===== Listed records =====
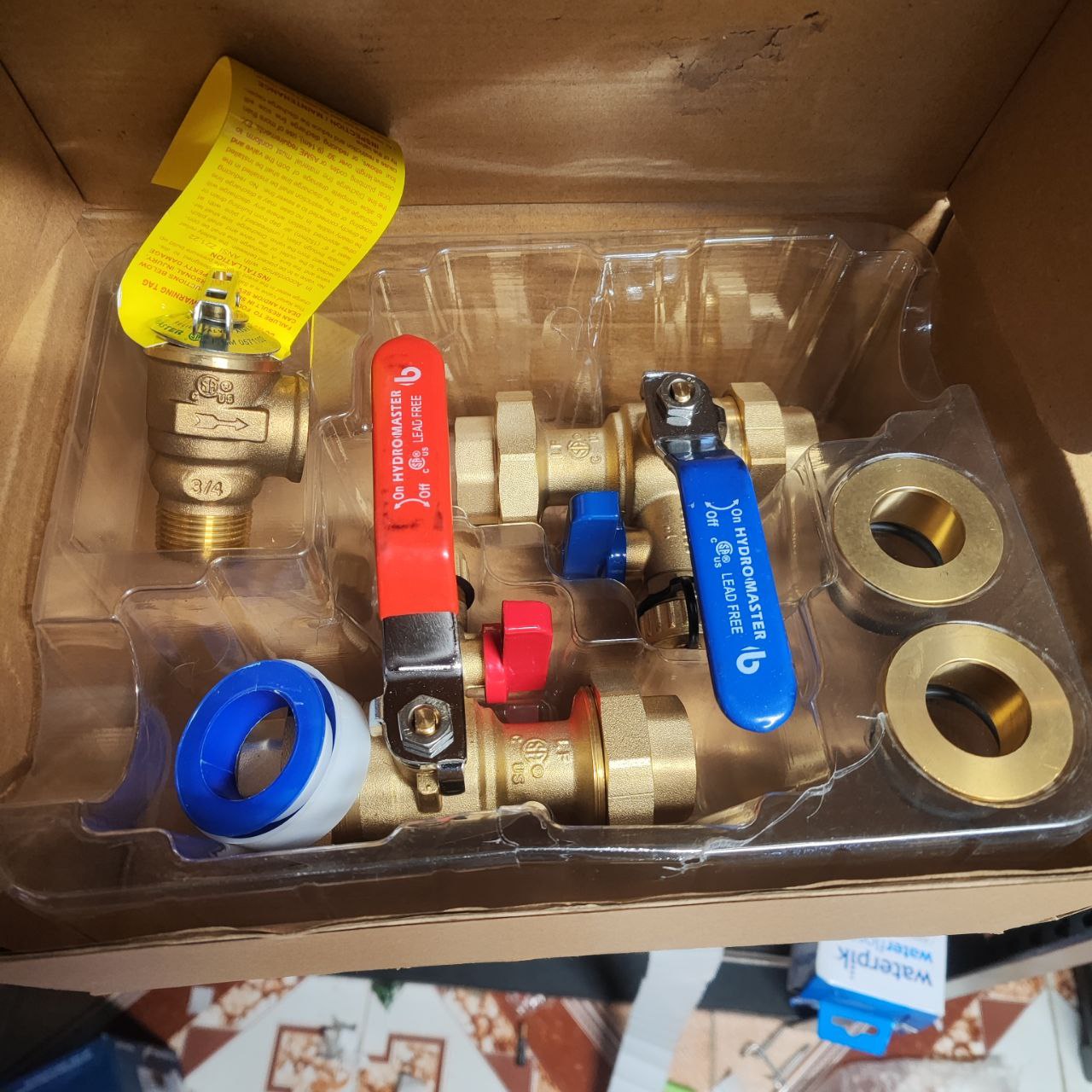 Hydro Master Kit de válvula de servicio de calentador de agua sin tanq...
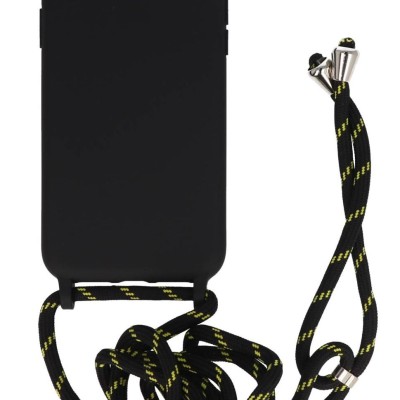 Back Cover Case Σιλικόνης Με Ρυθμιζόμενο Κορδόνι Μαύρο (Iphone XR)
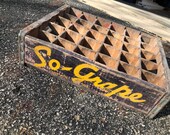 Very Rare Vintage 1940 39 s So Grape Soda Wood Crate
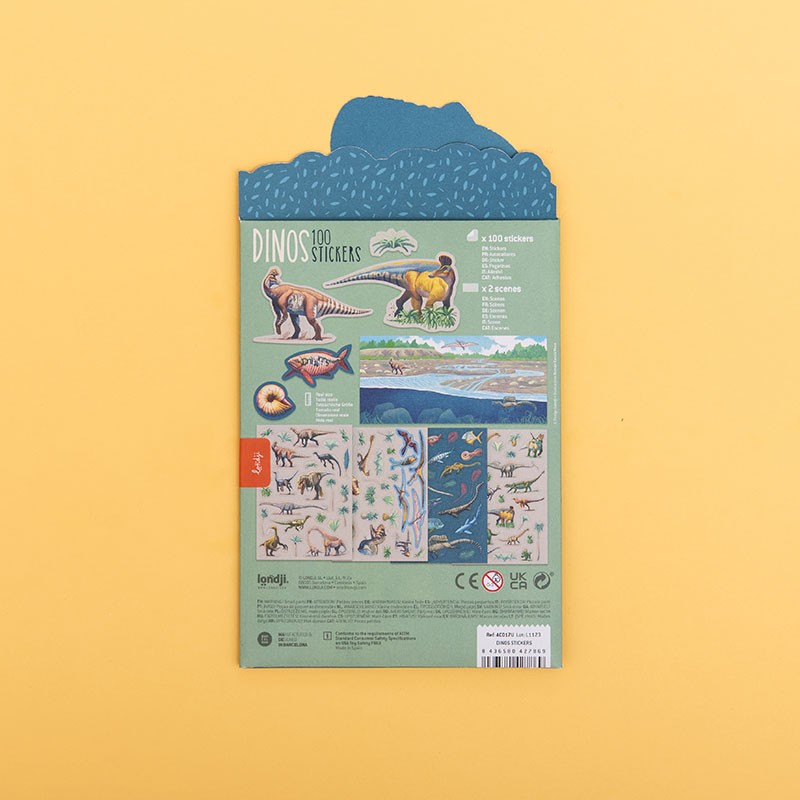 Sticker Set "dinos" von Londji - ideal für unterwegs oder zu Hause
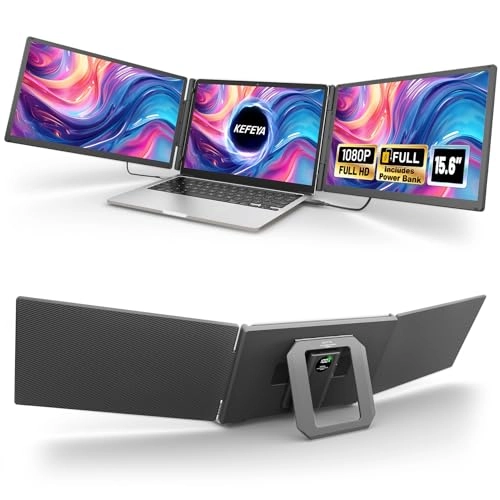 KEFEYA Laptop Screen Extender - 15.6" FHD 1080P Triple Display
=====
- [What you will do] Your answer must be the records above, copied exactly, with no pictures.

- [Response]
 Hydro Master Kit de válvula de servicio de calentador de agua sin tanq...
 Back Cover Case Σιλικόνης Με Ρυθμιζόμενο Κορδόνι Μαύρο (Iphone XR)
 Very Rare Vintage 1940 39 s So Grape Soda Wood Crate
 Sticker Set "dinos" von Londji - ideal für unterwegs oder zu Hause
 KEFEYA Laptop Screen Extender - 15.6" FHD 1080P Triple Display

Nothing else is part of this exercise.